▸ WHAT IS EXPECTED
Print the records below exactly as they appear. Omit all pictures.

::::

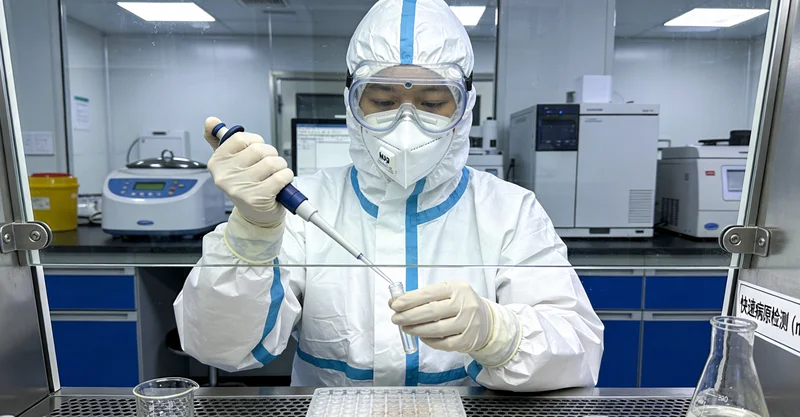 抚州医生为患者讲解MEN1基因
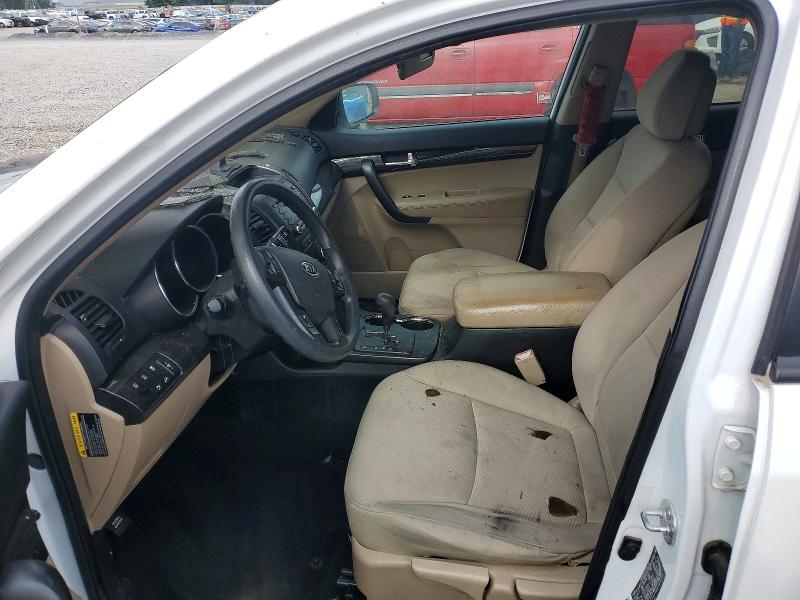2011 Kia Sorento VIN 5XYKT3A11BG164203 COPART salvage auction — ENGINE BURN, Tn - Non-Repairable Certificate, sold $200 on 2026-07-02 (photo 7)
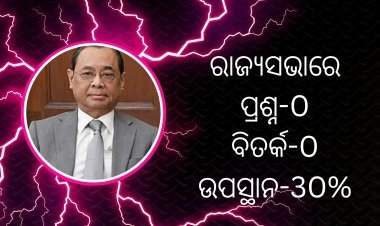 ରାଜ୍ୟସଭାରେ ରଞ୍ଜନ ଗୋଗୋଇ କରୁଛନ୍ତି କଣ ?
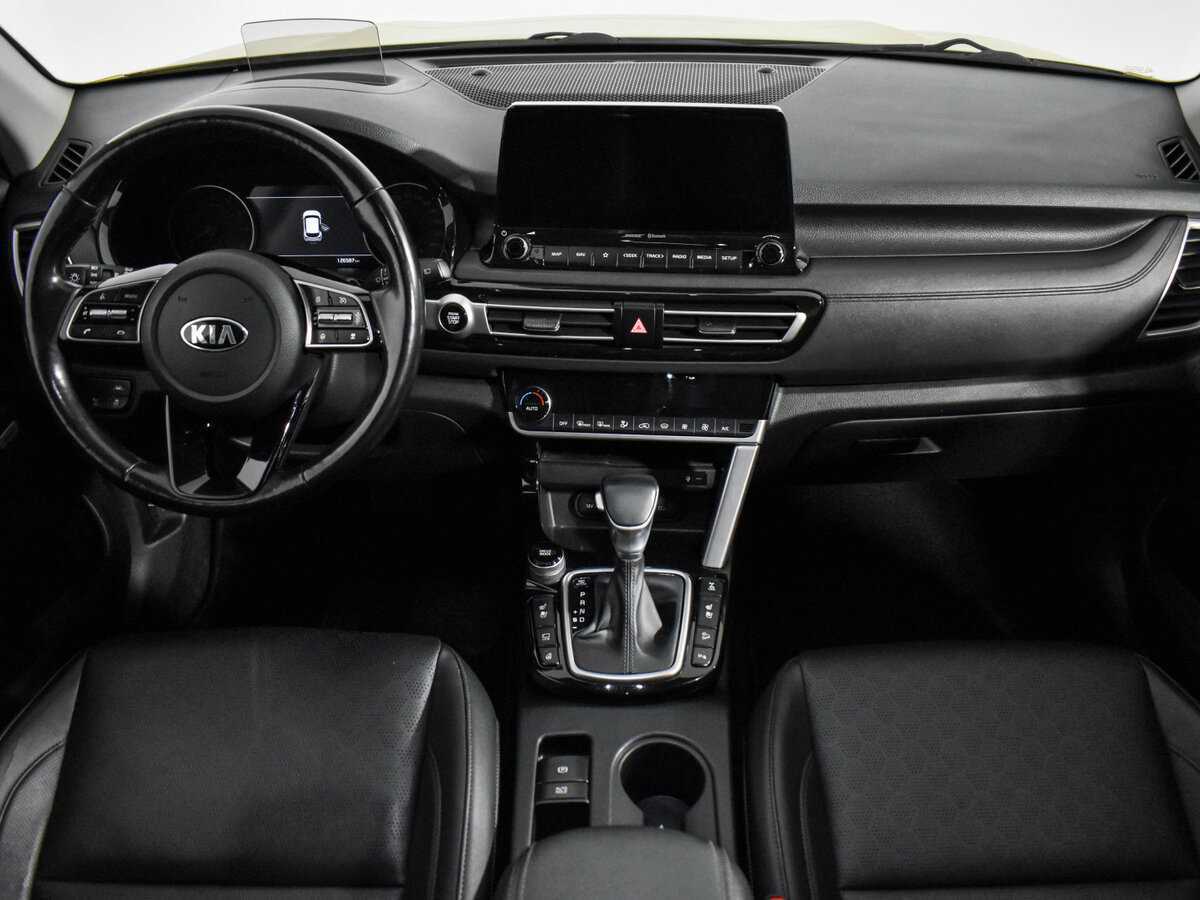 Kia Seltos б/у, 2020, Вариатор. Фото: #15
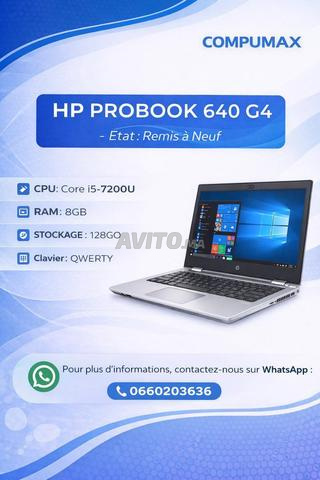HP PROBOOK 640 G4 (Remis à Neuf)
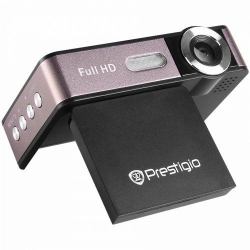 Prestigio RoadRunner 505 Full HD Schwarz, Metallisch, Pink 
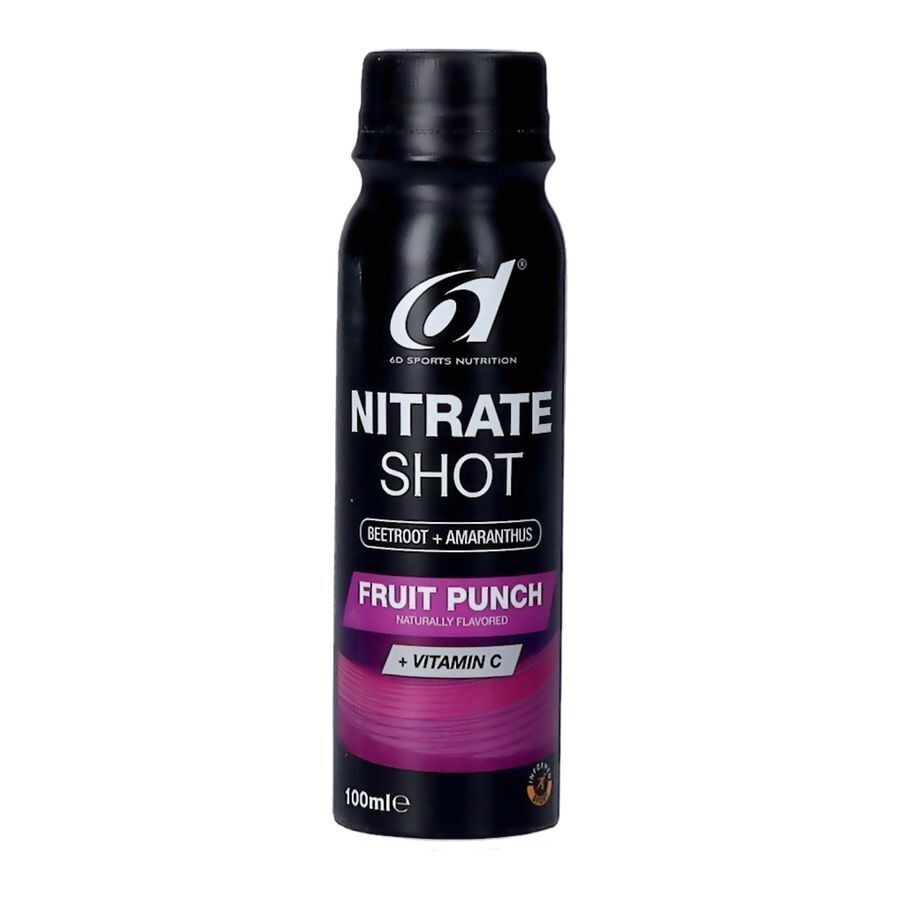6d Nitrate Shot Fruit Punch 6x100ml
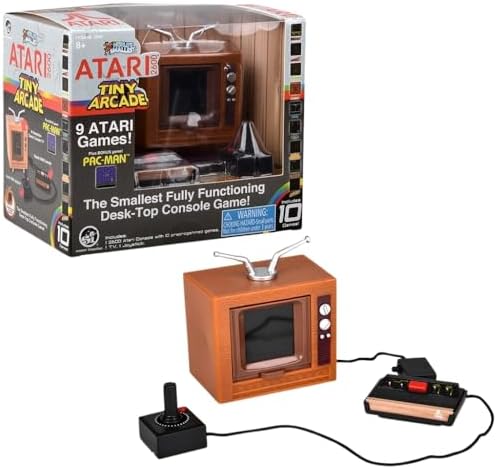 Amazon.com: Atari Pong Mini Arcade (with 5 retro games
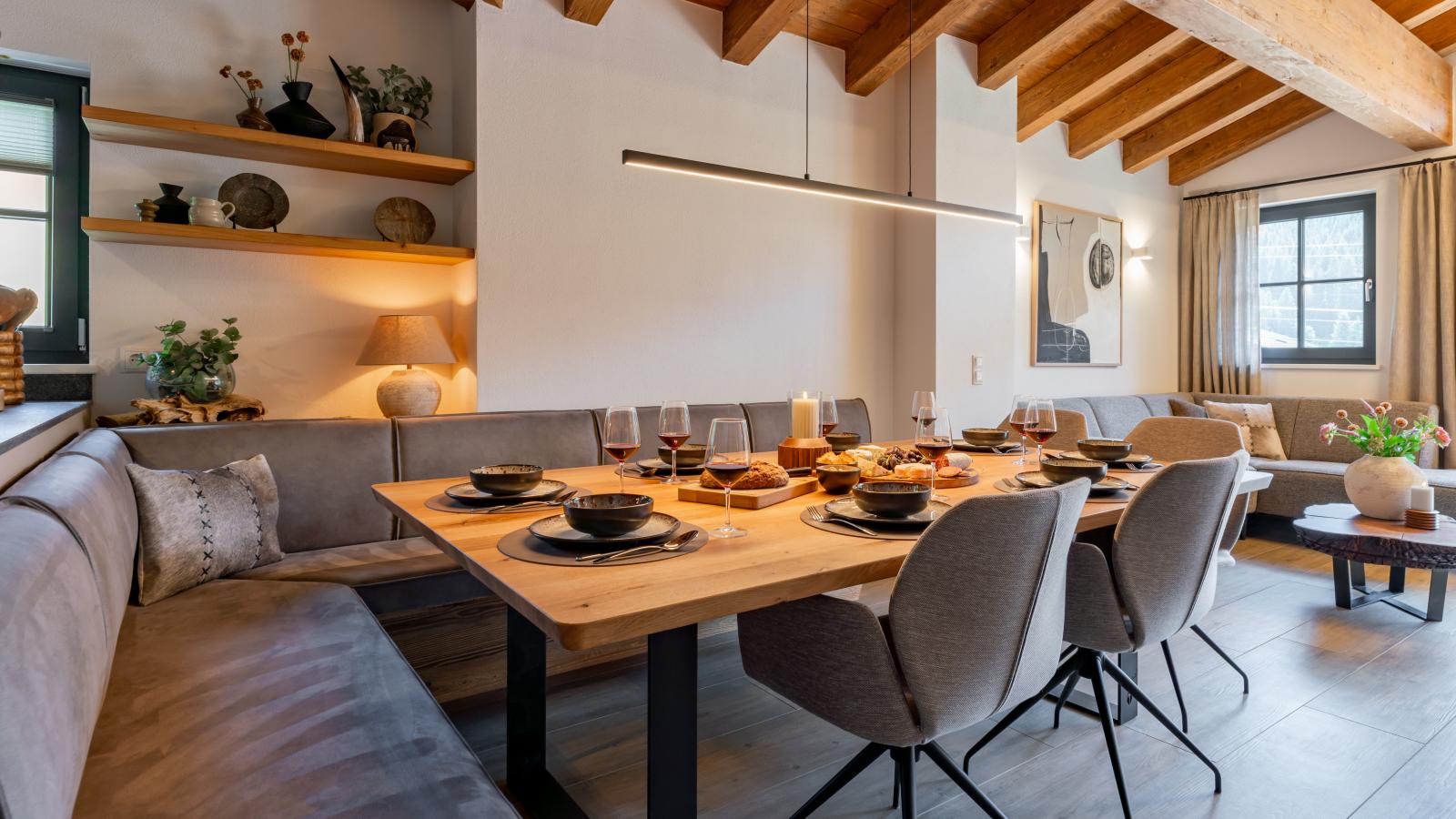 Tauernlodge Eben D4-Esszimmer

::::

▸ FINISHED TASK
 抚州医生为患者讲解MEN1基因
2011 Kia Sorento VIN 5XYKT3A11BG164203 COPART salvage auction — ENGINE BURN, Tn - Non-Repairable Certificate, sold $200 on 2026-07-02 (photo 7)
 ରାଜ୍ୟସଭାରେ ରଞ୍ଜନ ଗୋଗୋଇ କରୁଛନ୍ତି କଣ ?
 Kia Seltos б/у, 2020, Вариатор. Фото: #15
HP PROBOOK 640 G4 (Remis à Neuf)
 Prestigio RoadRunner 505 Full HD Schwarz, Metallisch, Pink 
6d Nitrate Shot Fruit Punch 6x100ml
 Amazon.com: Atari Pong Mini Arcade (with 5 retro games
 Tauernlodge Eben D4-Esszimmer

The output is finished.